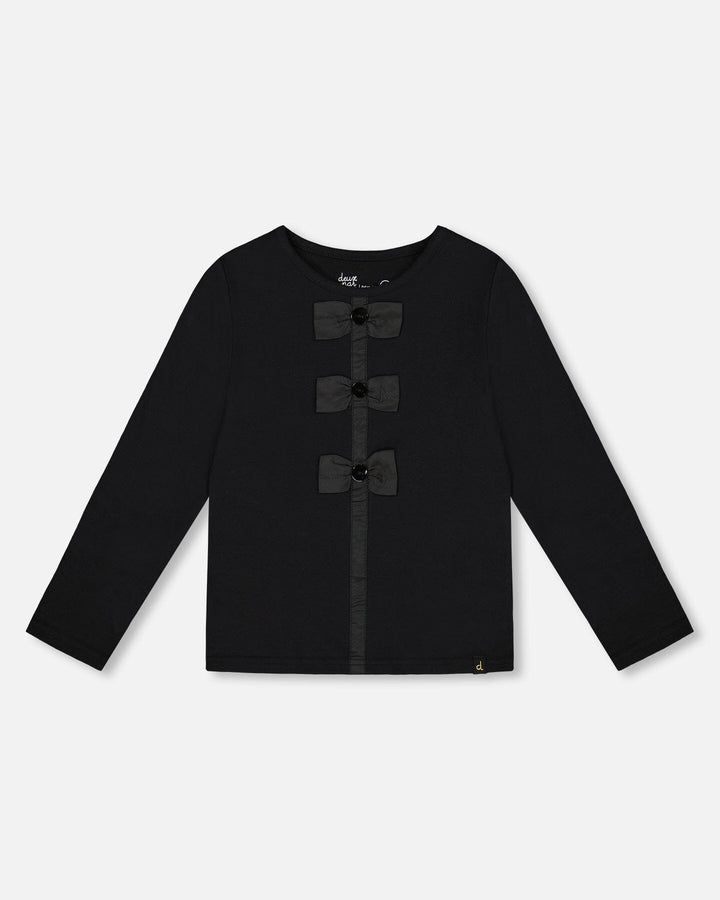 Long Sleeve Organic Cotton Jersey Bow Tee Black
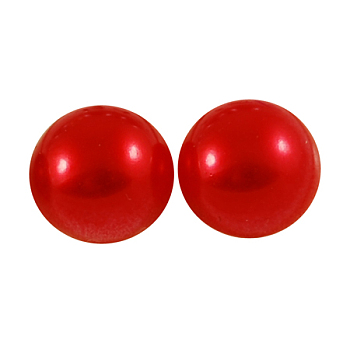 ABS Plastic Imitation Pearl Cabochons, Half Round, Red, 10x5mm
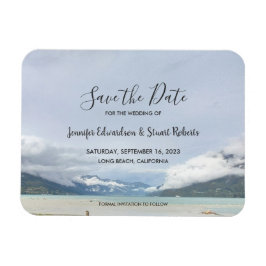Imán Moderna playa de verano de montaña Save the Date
::::::::::
§ **Problem details**: Copy out all the data exactly. The images should not appear in the copy.

§ **Task answer**:
 Long Sleeve Organic Cotton Jersey Bow Tee Black
 ABS Plastic Imitation Pearl Cabochons, Half Round, Red, 10x5mm
Imán Moderna playa de verano de montaña Save the Date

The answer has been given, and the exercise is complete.